> **Exercise**: An exact transcription of the listing, without its images, is what the answer must contain.
───── Data provided
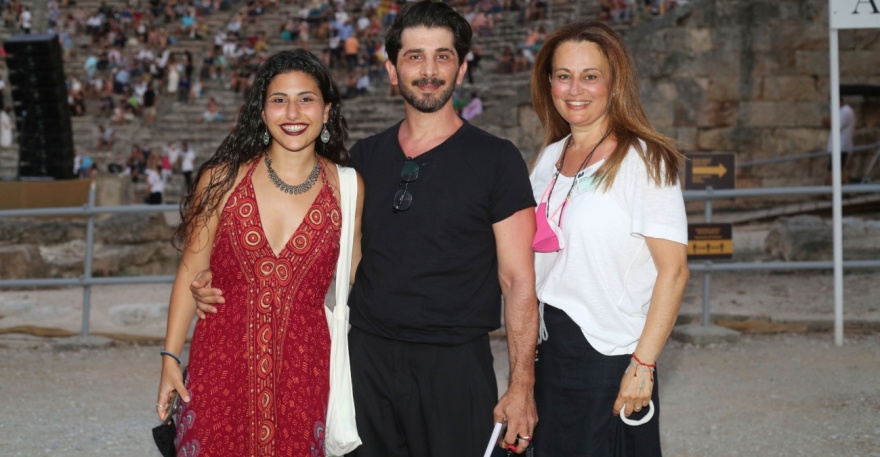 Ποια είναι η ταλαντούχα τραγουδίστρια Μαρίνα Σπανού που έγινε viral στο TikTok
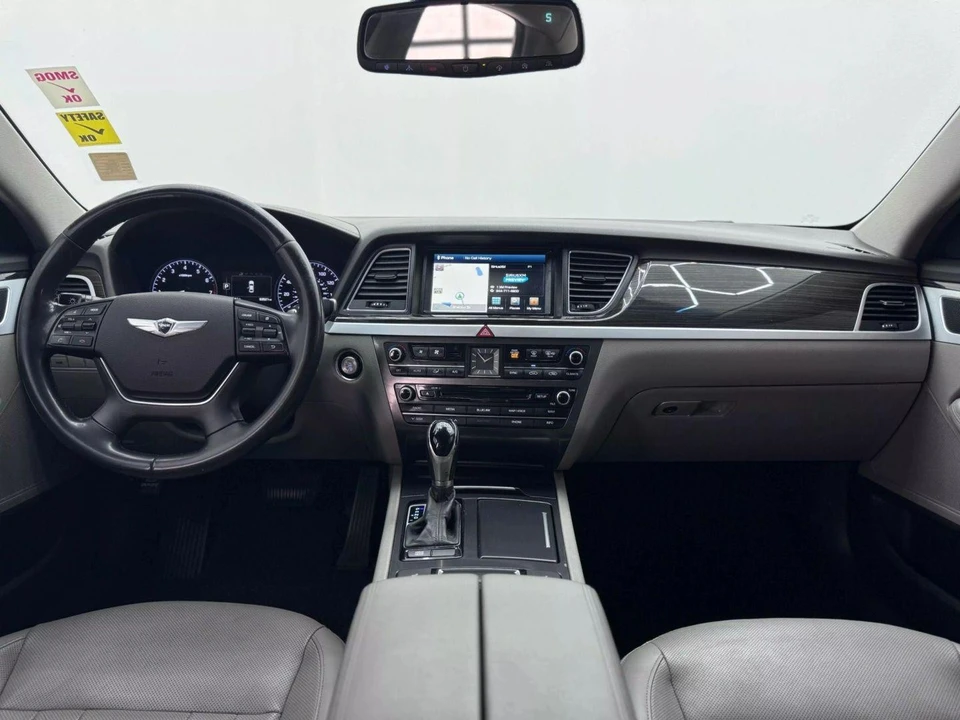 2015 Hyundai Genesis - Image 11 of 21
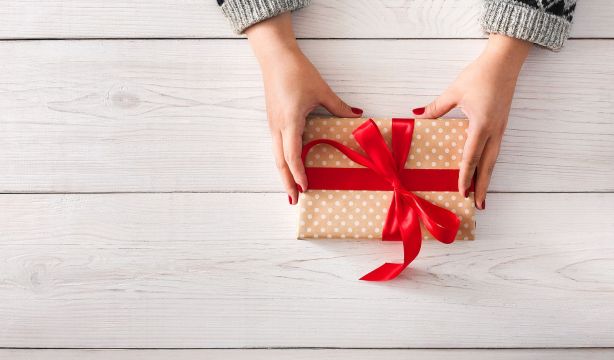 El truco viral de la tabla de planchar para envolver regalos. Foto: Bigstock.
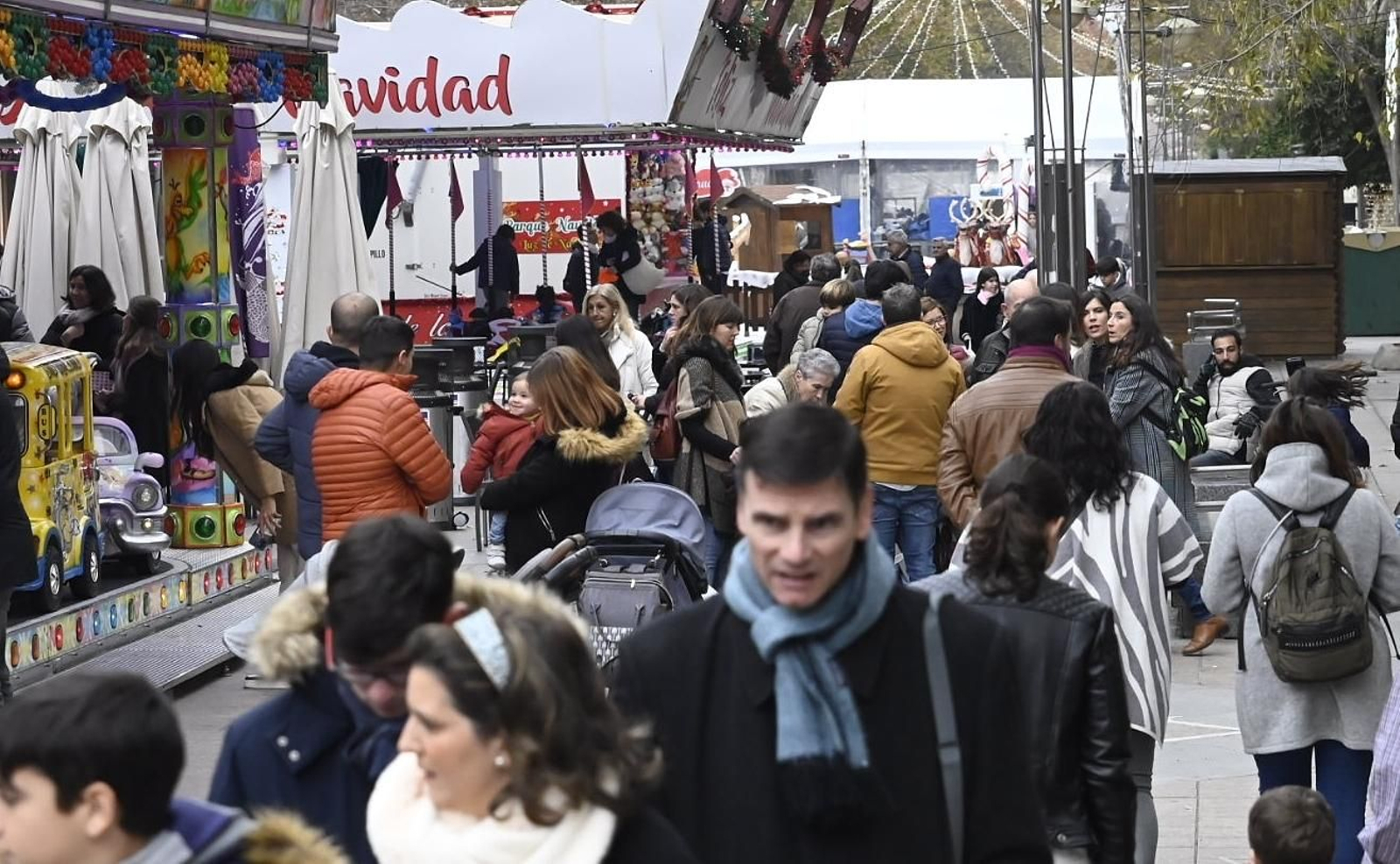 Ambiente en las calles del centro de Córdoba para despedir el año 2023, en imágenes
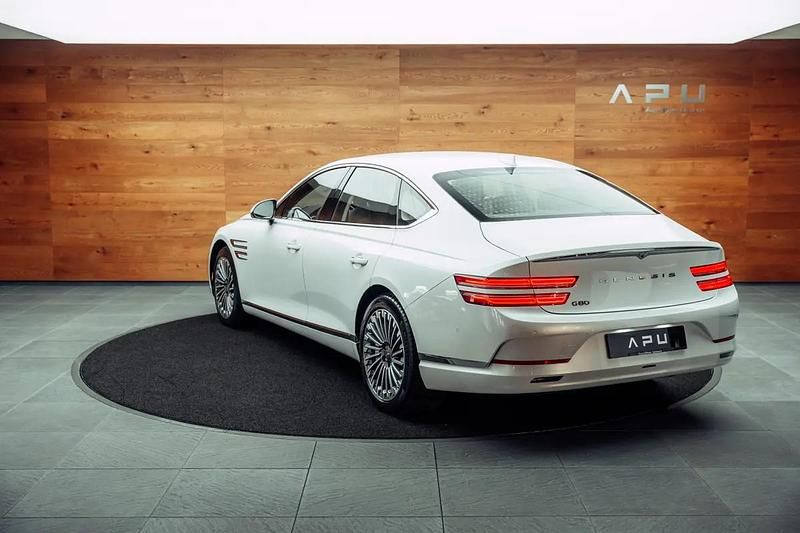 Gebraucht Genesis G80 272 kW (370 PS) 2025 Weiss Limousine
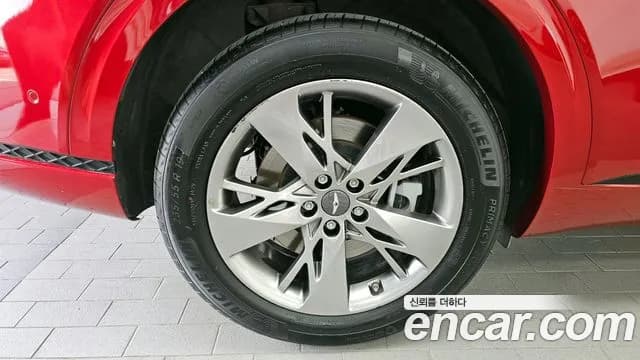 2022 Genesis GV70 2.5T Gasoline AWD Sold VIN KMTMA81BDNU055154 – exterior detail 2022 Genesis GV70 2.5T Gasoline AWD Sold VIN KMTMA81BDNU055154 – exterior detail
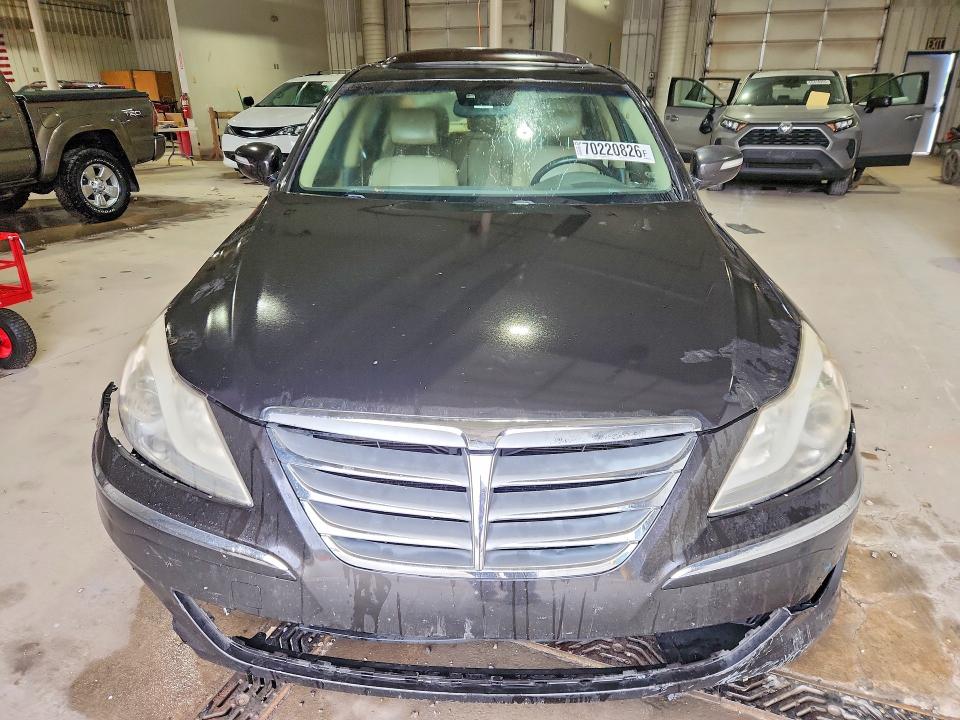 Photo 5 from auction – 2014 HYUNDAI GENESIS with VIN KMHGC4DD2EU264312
──────────
> **Exercise result**:
 Ποια είναι η ταλαντούχα τραγουδίστρια Μαρίνα Σπανού που έγινε viral στο TikTok
 2015 Hyundai Genesis - Image 11 of 21
 El truco viral de la tabla de planchar para envolver regalos. Foto: Bigstock.
 Ambiente en las calles del centro de Córdoba para despedir el año 2023, en imágenes
 Gebraucht Genesis G80 272 kW (370 PS) 2025 Weiss Limousine
 2022 Genesis GV70 2.5T Gasoline AWD Sold VIN KMTMA81BDNU055154 – exterior detail 2022 Genesis GV70 2.5T Gasoline AWD Sold VIN KMTMA81BDNU055154 – exterior detail
 Photo 5 from auction – 2014 HYUNDAI GENESIS with VIN KMHGC4DD2EU264312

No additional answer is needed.